How does pytorch implements backward process?

qiuyang · August 15, 2019, 6:33am

I know we can write loss.backward() to finish grad calculation.But when I read source code about backward,I am confused.
I add some print information in pytorch python source code to trace the backward process.
Basically loss.backward() will call torch.autograd.init.py backward function and get into Variable._execution_engine.run_backward function.This is a cpp function.When we use DataParallel,the source code finally will call torch.nn.parallel.Gather.backward function and torch.nn.parallel.Broadcast.backward function.How are these two class called?
In addition,Gather.backward funtion will call Scatter.apply function, and Scatter.apply function will call Scatter.forward function.How does it woks?
The Scatter class inherits from torch.autograd.Function class.Function class inherits from a python metaclass.The metaclass bulid a class that the class inherits from BackwardCFunction class.
So in my opinion,if we call Scatter.apply function,the Scatter.backward function will be called.But why not?

albanD · August 15, 2019, 9:54am

Because there is a static apply function that is called when you do Scatter.apply() and a non-static one that is called on an instance of scatter: Scatter().apply().

qiuyang · August 15, 2019, 10:09am

Is the static apply function from _C._FunctionBase class?
I mean that it is from THPFunction_apply?Thanks for your reply!

albanD · August 15, 2019, 10:14am

Yes, and it’s defined here as a static method.

qiuyang · August 15, 2019, 10:21am

Interesting!And I have a final question.Could you tell me where does the non static apply function called?

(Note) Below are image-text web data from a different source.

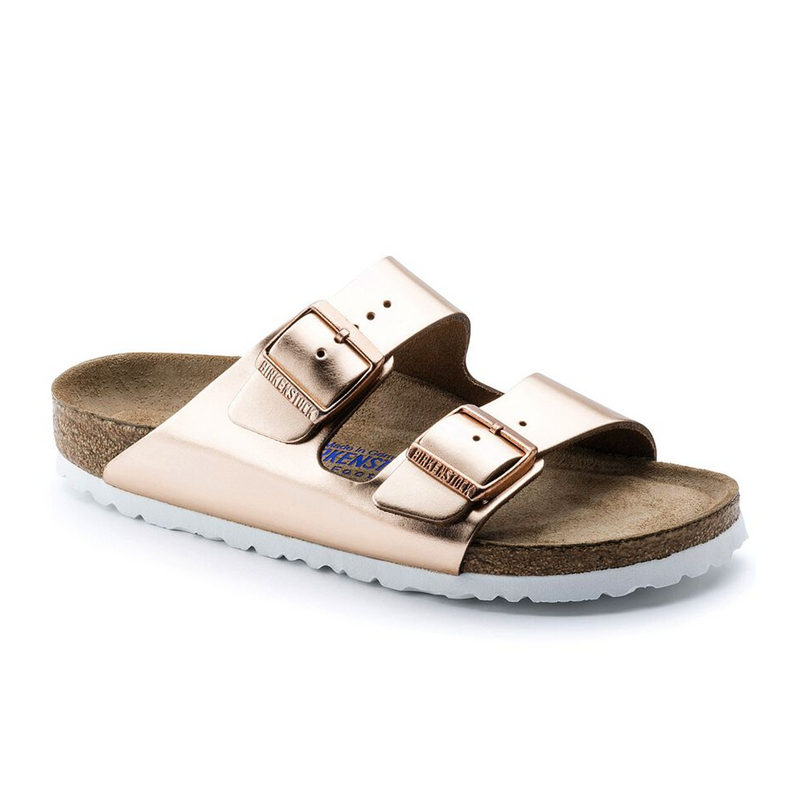 Birkenstock Arizona Soft Footbed Narrow Slide Sandal (Women) - Metallic Copper Leather Sandal - Slide - The Heel Shoe Fitters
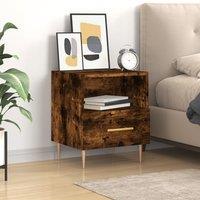 Berkfield Home Bedside Cabinet Smoked Oak 40x35x47.5 cm Engineered Wood in Brown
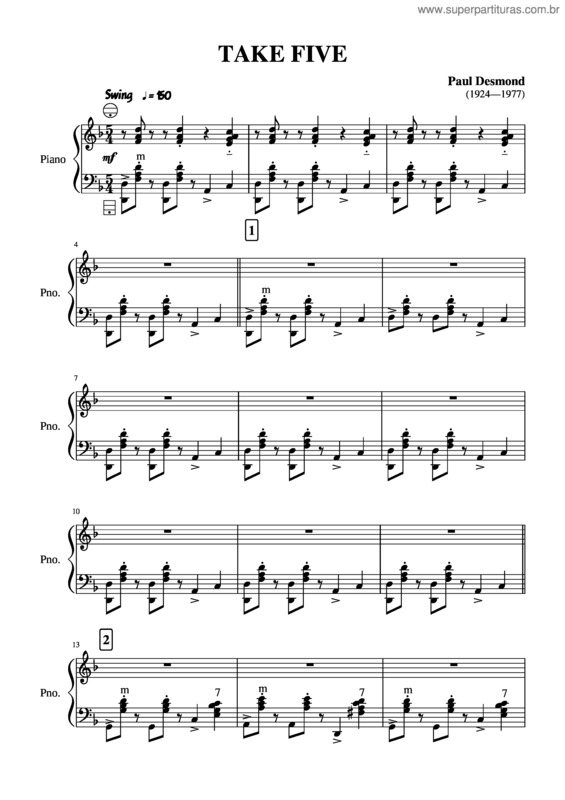 Partitura da música Take Five v.8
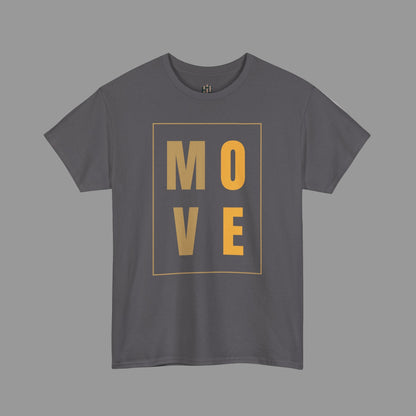 Gray t-shirt with 'MOVE' in gold on a white background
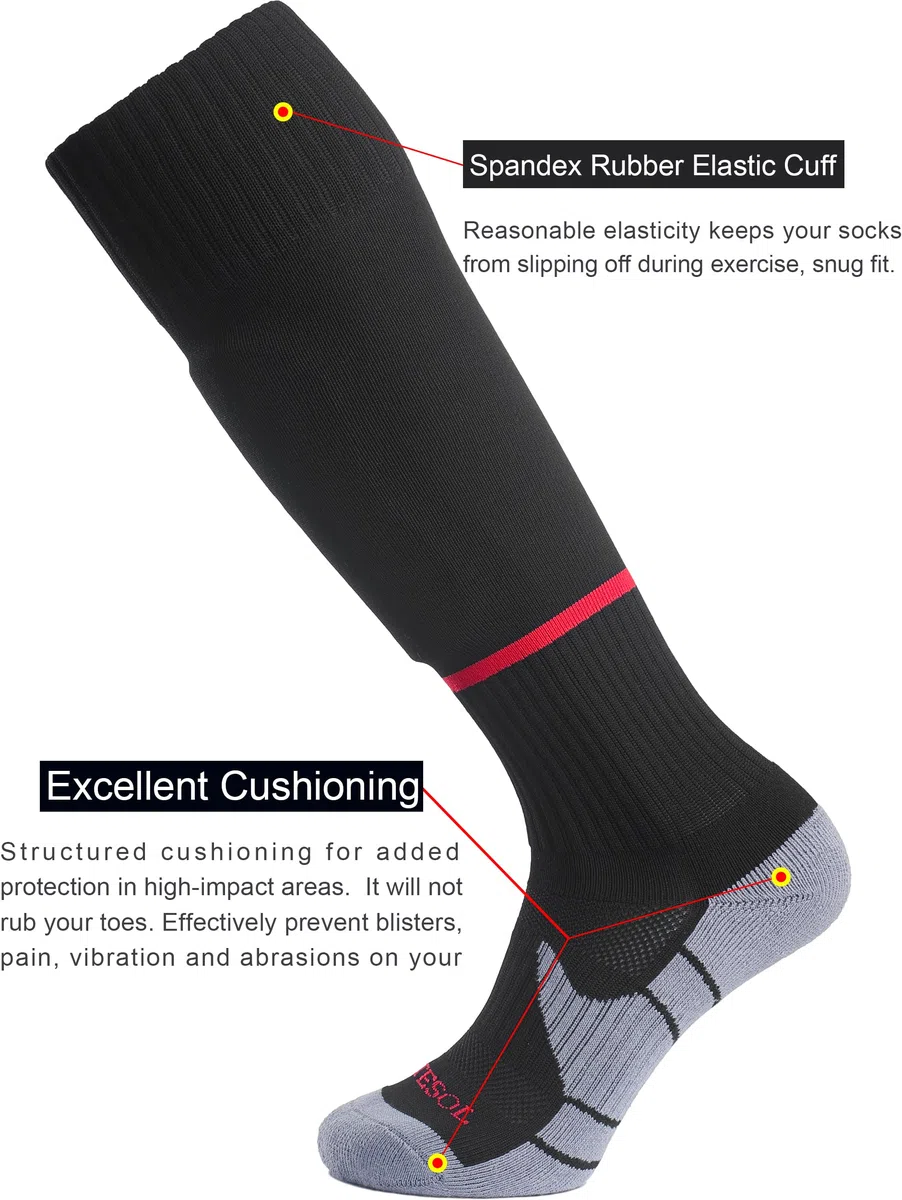 APTESOL Chaussettes de football montantes pour jeunes – Chaussettes de sport d'équipe pour homme et femme – Chaussettes de compression athlétiques en coton pour homme et femme (5 paires, multicolore,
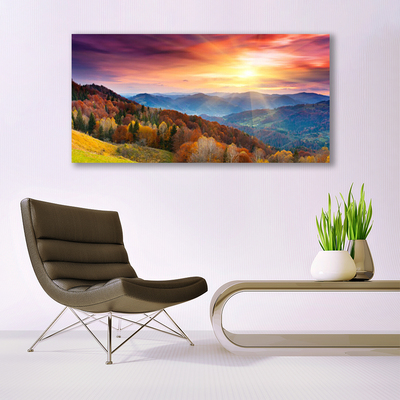 Glasbild aus Plexiglas® Gebirge Wald Gelb Landschaft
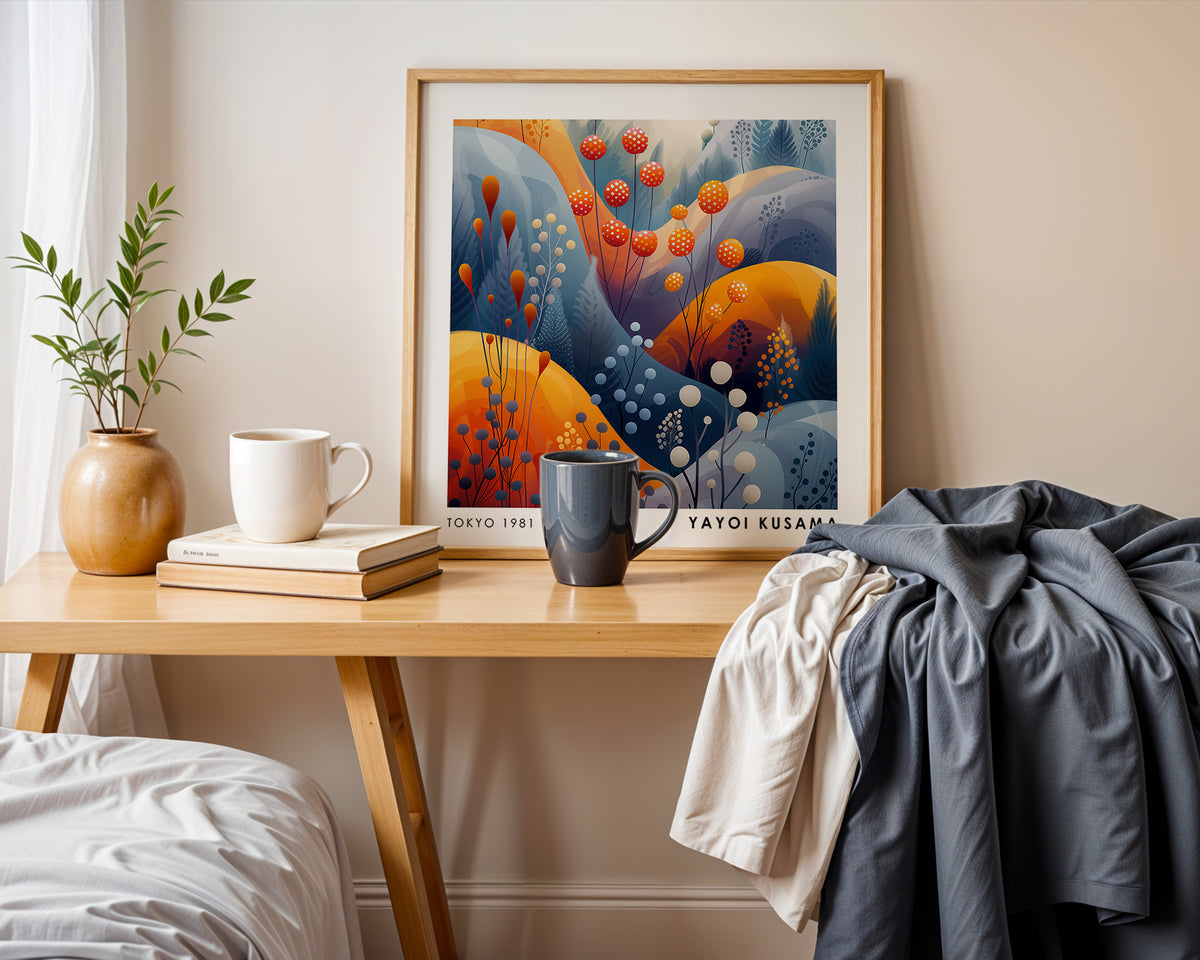 Yayoi Kusama Inspired Orange Seed Pod Print | Abstract Japanese Botanical Wall Art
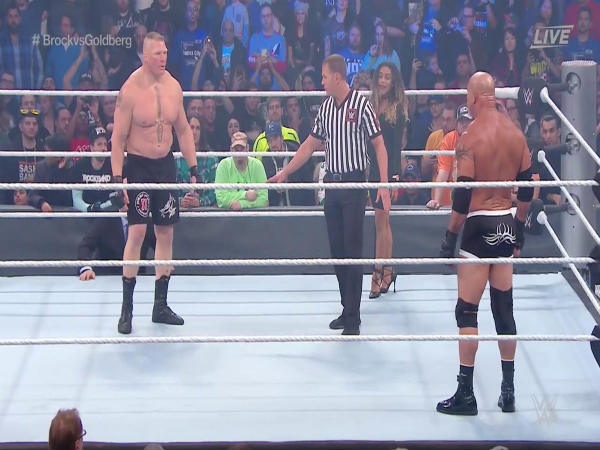 Goldberg Vs Lesnar (Image courtesy: Twitter) Goldberg Vs Lesnar (Image courtesy: Twitter)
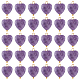 Superfindings 30 個ナチュラルハートストーンペンダントヒーリングラブストーンチャームゴールデントーン真鍮ループ紫色のアクセサリー用 diy ネックレスジュエリーメイキング  穴：1.5mm FIND-FH0004-65-1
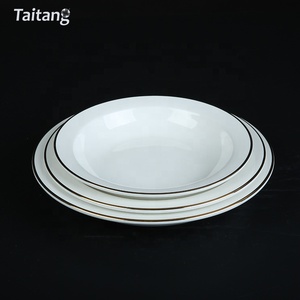 Taitang Hôtel Restaurant <span class=keywords><strong>Assiette</strong></span> <span class=keywords><strong>Creuse</strong></span> Or Blanc Jante Dîner En Céramique <span class=keywords><strong>Assiette</strong></span> <span class=keywords><strong>Creuse</strong></span> Pour La Salade de Pâtes - Product Image 1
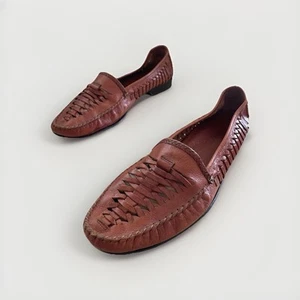 Bragano Men’s Shoes Woven Italian Leather Loafers Bwn 10.5 Preppy Quiet Luxury - Picture 1 of 13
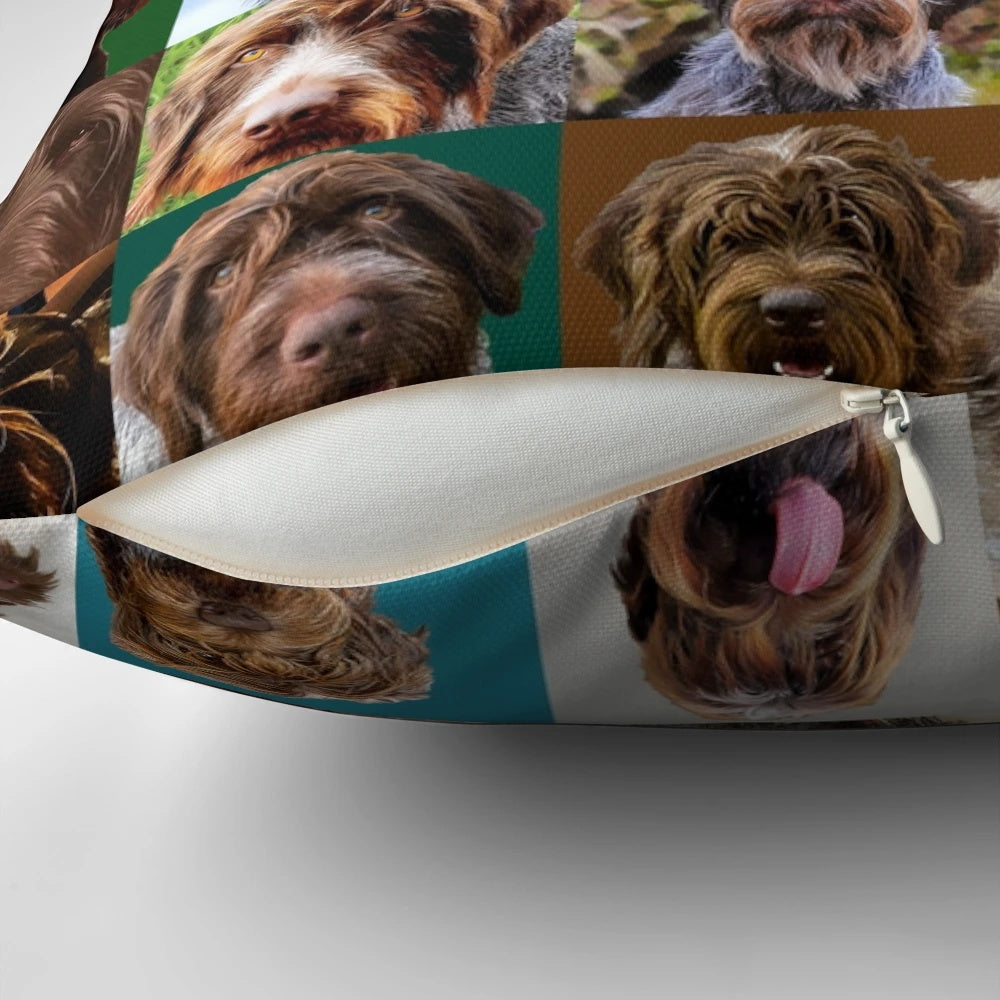 A special edition Griff puzzle-inspired dog portrait pillow.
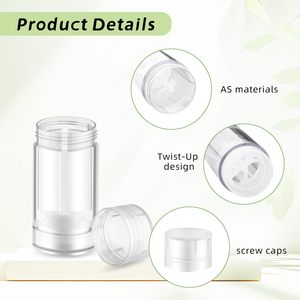 Stock 30g 50g Empty Pink White <b>Clear</b> Deodorant Stick Lip Balm Blush <b>Plastic</b> <b>Container</b> Screw Cap Custom Colors Twist Stick Bottle - Product Image 2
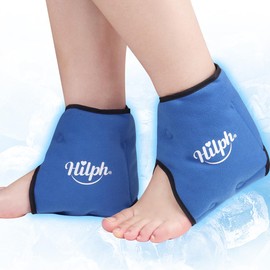 Hilph Ankle Ice Pack Wrap, Reusable Gel Ice Wrap for Ankle Injuries, Foot Cold Compression Pack for Sprained & Fractured Ankles, Surgery Recovery, Feet Swelling, Plantar Fasciitis, Blue, 2 Packs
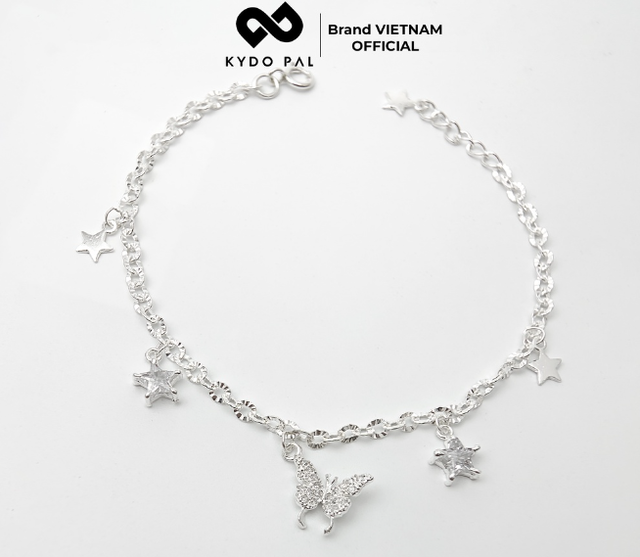 Lắc Tay Bạc Nữ KYDOPAL Đính Đá Hình Bướm 1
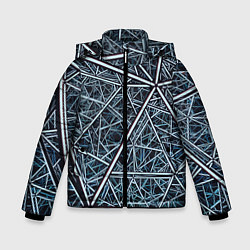 Куртка зимняя для мальчика Абстрактное множество технологичных связей, цвет: 3D-светло-серый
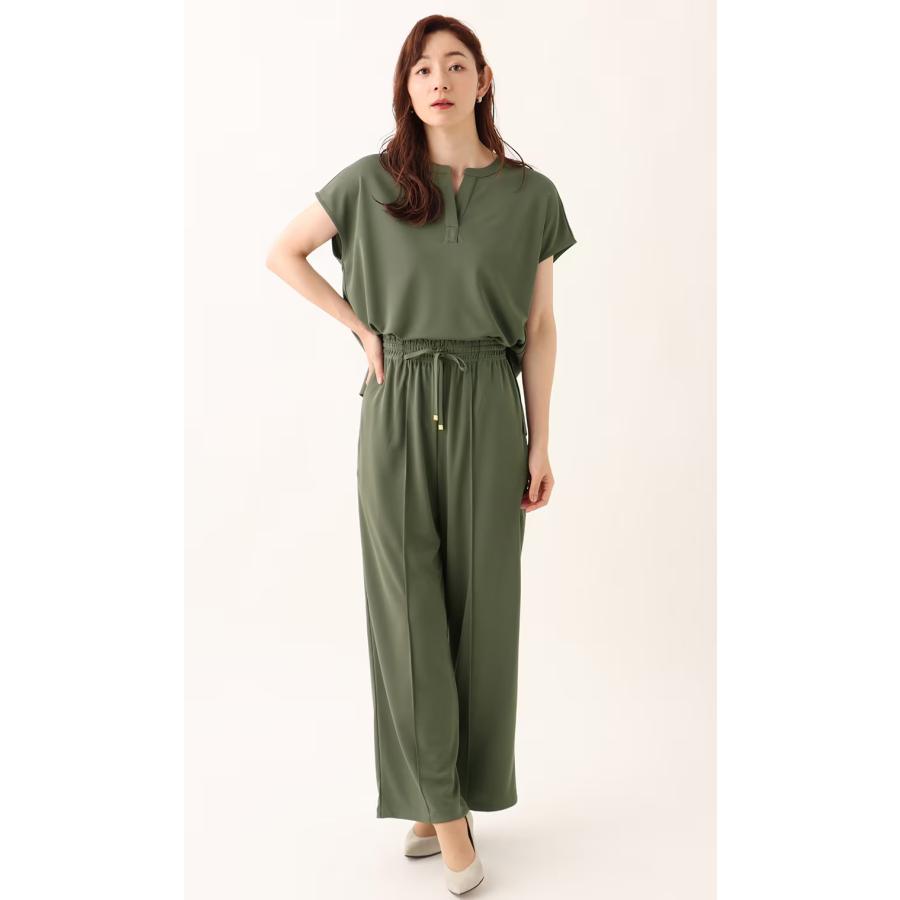 AOYAMA 【洋服の青山】春夏 グリーン Vネックブラウス フレンチ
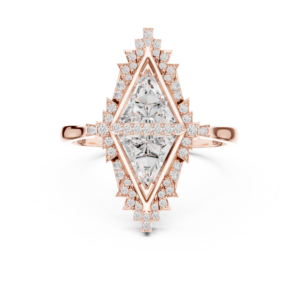 1.38 Cts Triangle Cut Certified Lab Grown Diamond Gold Ring LR-01L(2)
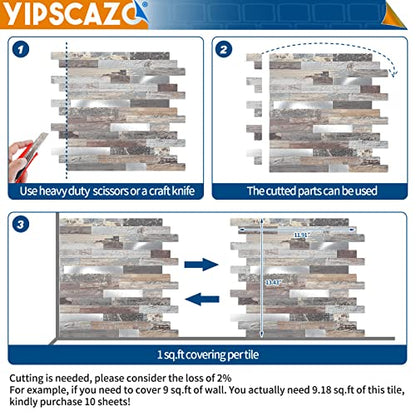 Yipscazo 2026 New Upgrade Peel and Stick Wood Metal Tile Backsplash, Stick on Tiles for Backsplash Kitchen, Bathroom (10 Sheets, Light Wood) - color: Light Wood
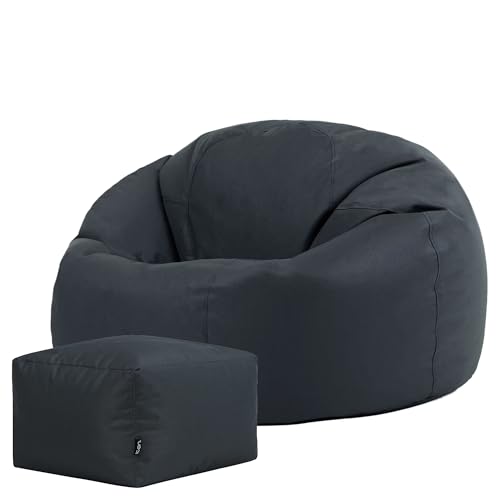 Bean Bag Bazaar Kingston Outdoor Bean Bag and Footstool, Charcoal, Garden Chair with Footstool, Water Resistant Fabric, Large Gaming Beanbag with Filling Included, Garden Seat, Outdoor Seating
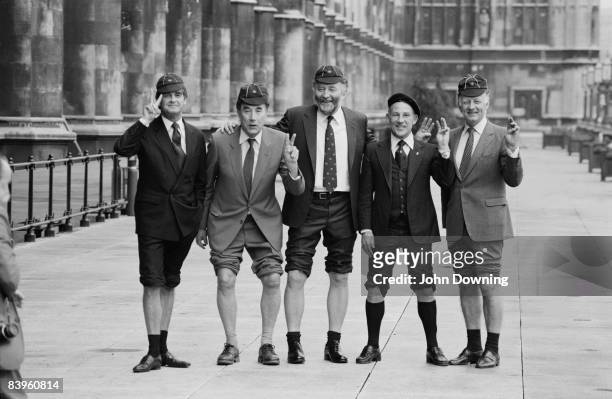 Five famous former Boy Scouts, 1982. From left to right, actor Derek Nimmo , comedian Frankie Howerd , botanist David Bellamy, racing driver Stirling...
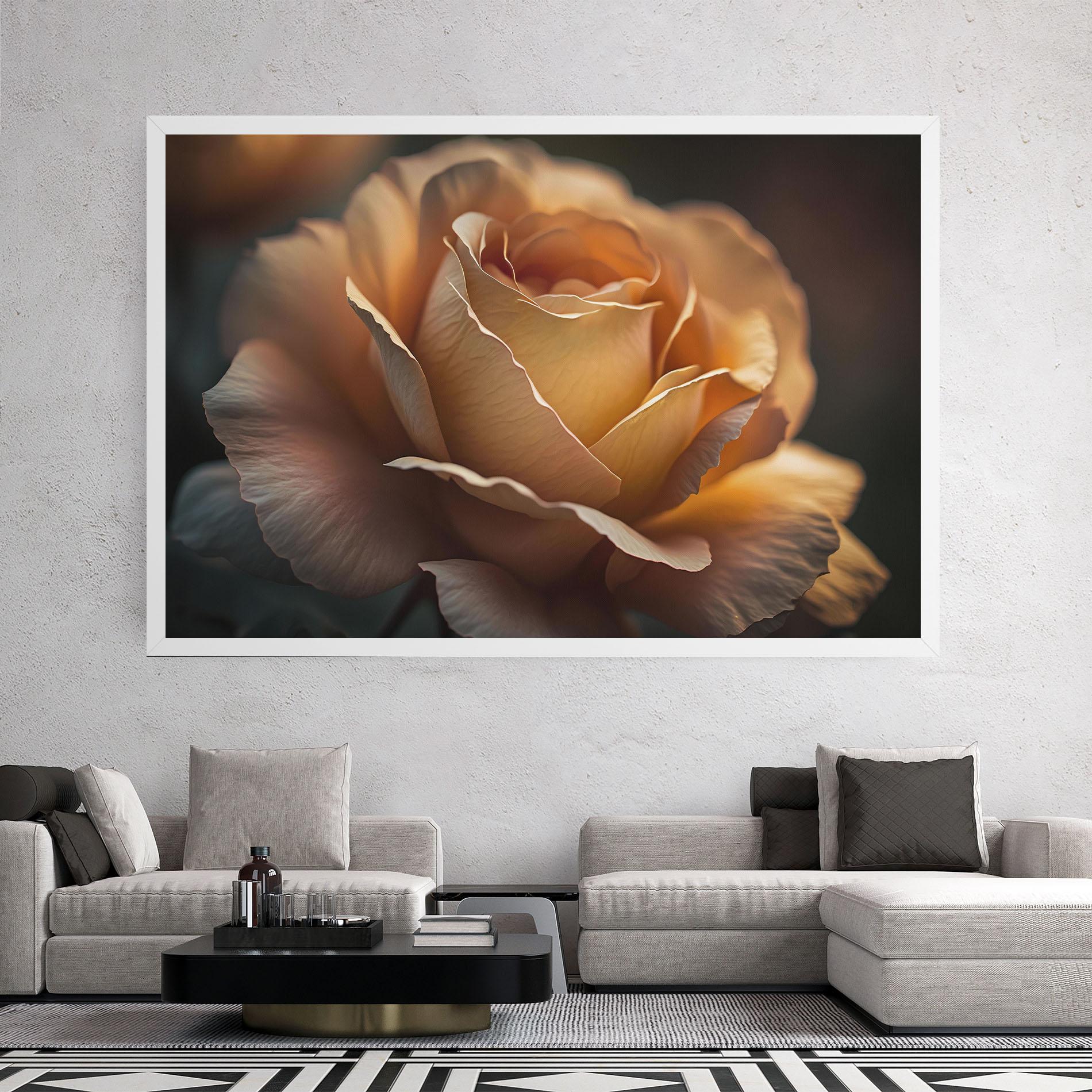 Leinwandbild Light Orange Rose Close Up mockup 2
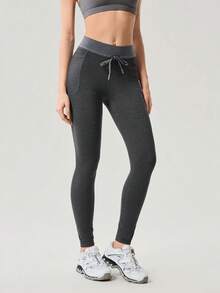 OutZeal Leggings de plein air pour femmes, couleur unie, randonnée, yoga décontracté, doux comme du beurre, taille haute, pantalon de sport, printemps été - Gris foncé - Voir 5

albanD · August 15, 2019, 10:32am

Sure.
In the engine, when a new task can be executed here.
It first does some checking and input/output preparation here.
It then does all the required hooks, the use the operator() function on the actual Node (previously called Function) here.
This is routed to the main Node class here.
Which calls the apply function of Node, which is a PyNode in your case as it is implemented in python.
And the PyNode gets and calls the .apply attribute from the class instance here.

Looking at it this way, there are a few levels of indirection indeed

qiuyang · August 15, 2019, 11:19am

I understood!Thanks a lot!